**PROBLEM REQUIREMENTS**
Without the pictures, set down every line of the data exactly.

═══ INFORMATION SHOWN

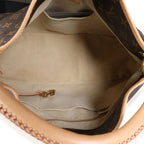 Louis Vuitton Louis Vuitton Monogram Canvas Artsy MM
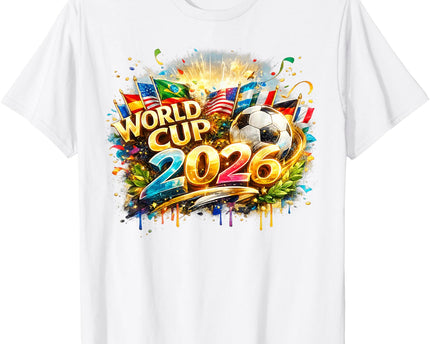 Soccer - World Cup WM Celebration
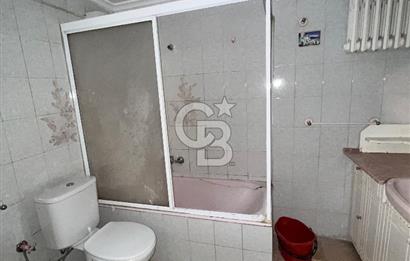 Aksaray Yusufpaşa Tamvay Karşısında Asansörlü Satılık 3+1 Daire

══════

**RESULT OF THE EXERCISE**
 Louis Vuitton Louis Vuitton Monogram Canvas Artsy MM
 Soccer - World Cup WM Celebration
 Aksaray Yusufpaşa Tamvay Karşısında Asansörlü Satılık 3+1 Daire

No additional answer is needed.